Für einen 15-Jährigen in Nepal endete das Martyrium nicht, als die Bläschen austrockneten. Statt leise zu verblassen, beschlossen einige ihrer Windpockennarben, auszurasten und zu großen, gummiartigen, schmerzhaften und dauerhaften Wucherungen heranzuwachsen. Die größte, auf ihrer Brust, maß 4 mal 4 cm – etwa 1,6 Quadratzoll. Nicht gerade das Souvenir, das man sich von einer Kinderkrankheit wünscht.
Diese Wucherungen sind Keloide – schlecht verstandene Hautüberwucherungen, die entstehen, wenn die Wundheilung aus dem Ruder läuft und sich über die ursprüngliche Verletzung hinaus ausdehnt. Bei diesem Teenager brachen fünf große Keloide aus ihren Windpockennarben hervor und traten am rechten Kiefer, der Brust, dem Bauch und der rechten Flanke auf. Das gleichzeitige Auftreten brachte ihnen die Diagnose „eruptive Keloide“ ein, eine äußerst seltene Komplikation, von der in der medizinischen Literatur nur fünf frühere Fälle existieren. Ihrer ist der sechste, dokumentiert diese Woche im Journal Clinical Case Reports.
Die Ärzte stellten fest, dass der Teenager ansonsten gesund war, nachdem er einige Wochen zuvor von den Windpocken genesen war. Sie war mit dem antiviralen Medikament Aciclovir behandelt worden. Warum die Keloide ausbrachen, bleibt rätselhaft – die Keloidbildung im Allgemeinen ist kaum verstanden. Aber offensichtlich ist in ihrem Heilungsprozess etwas schiefgelaufen.
Die Wundheilung hat drei Hauptphasen: Entzündung (Schaden begrenzen), Proliferation (neues Gewebe aufbauen, wobei Fibroblasten Kollagen produzieren) und Reifung (endgültige Formgebung und Stärkung). Keloide entstehen, wenn die Proliferationsphase über Gebühr verweilt – Fibroblasten werden hyperaktiv, überleben länger und produzieren bis zu 20-mal mehr Kollagen als normale Haut. Genetik und Umweltfaktoren sind wahrscheinliche Übeltäter; Keloide treten häufiger bei dunklerer Haut auf. Die Ärzte des Teenagers vermuten, dass Varizellen-Infektionen entzündungsfördernde Signale auslösen könnten, die einen hyperproliferativen Zustand induzieren. Aber das ist vorerst nur eine Hypothese.

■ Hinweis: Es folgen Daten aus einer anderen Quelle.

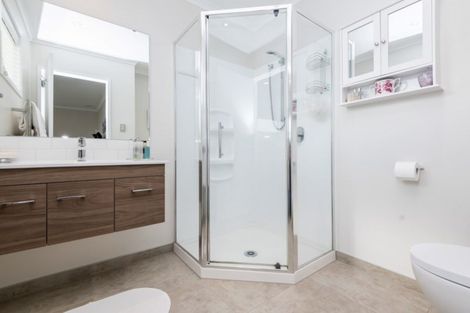 Photo of property in 8 Ridge View Crescent, Pukekohe, 2120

Die Behandlung von Keloiden ist ein Albtraum. Da das Problem eine fehlerhafte Heilung ist, riskiert jede Behandlung, die neue Wunden schafft, die Sache zu verschlimmern. Chirurgische Entfernung hat Rezidivraten zwischen 45 und 100 Prozent. Kryotherapie kann Narbengewebe abtöten, aber die Haut möglicherweise schlimmer aussehen lassen. Laser- und Strahlentherapie bergen Risiken und gemischte Ergebnisse. Die Hauptbehandlung sind Kortikosteroid-Injektionen, die gegen Juckreiz und Brennen helfen.

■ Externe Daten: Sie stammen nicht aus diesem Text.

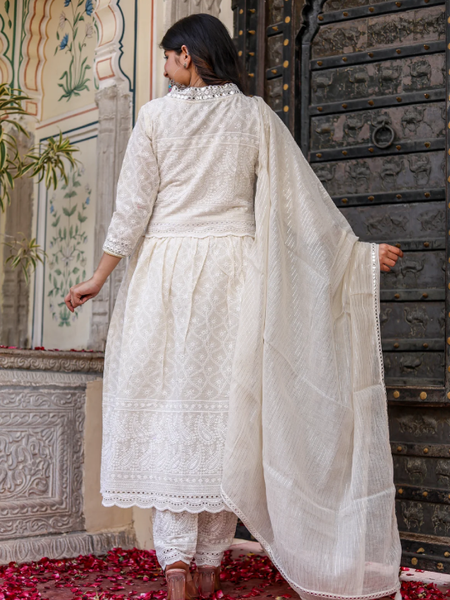 Falak Chikankari Alia Suit Set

Nach drei Monaten Überwachung waren die Keloide des Teenagers relativ stabil, ohne schnelles Wachstum – obwohl sie sich mit der Zeit ausdehnen könnten. Aus persönlicher Vorliebe und finanziellen Gründen entschied sie sich, auf eine aggressive Behandlung zu verzichten und die Symptome mit Antihistaminika und rezeptfreiem Paracetamol zu behandeln. Manchmal ist Koexistenz das Beste, was man erhoffen kann.

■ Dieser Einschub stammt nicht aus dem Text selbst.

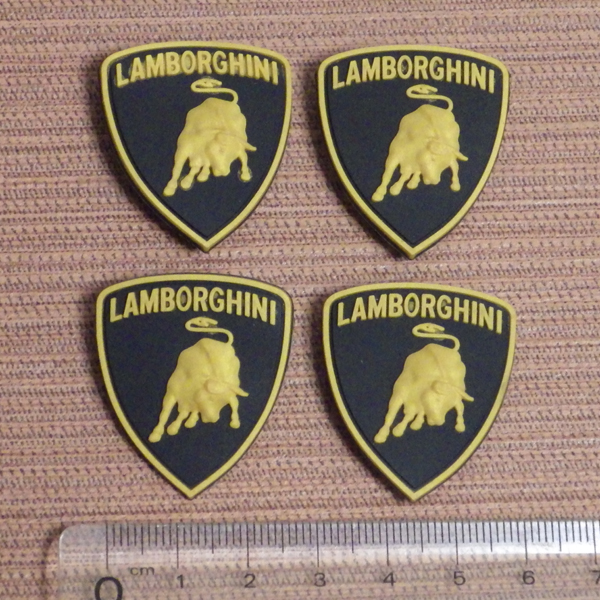 ランボルギーニ ロゴ エンブレム クロックス用 ジビッツ ４個セット Lamborghini 靴の飾り バッチ ボタン アクセサリー クロックス 売買されたオークション情報 Yahooの商品情報をアーカイブ公開 オークファン Aucfan Com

In der Zwischenzeit haben Windpocken selbst eine hervorragende Vorbeugung: den Varizellen-Impfstoff, der 1995 in den USA auf den Markt kam. Zwei Dosen bieten 97-prozentigen Schutz, und seit seiner Einführung sind Fälle und Komplikationen drastisch zurückgegangen. Eine Erinnerung daran, dass ein kleiner Pieks unendlich vorzuziehen ist als ein Leben lang gummiartige Knoten.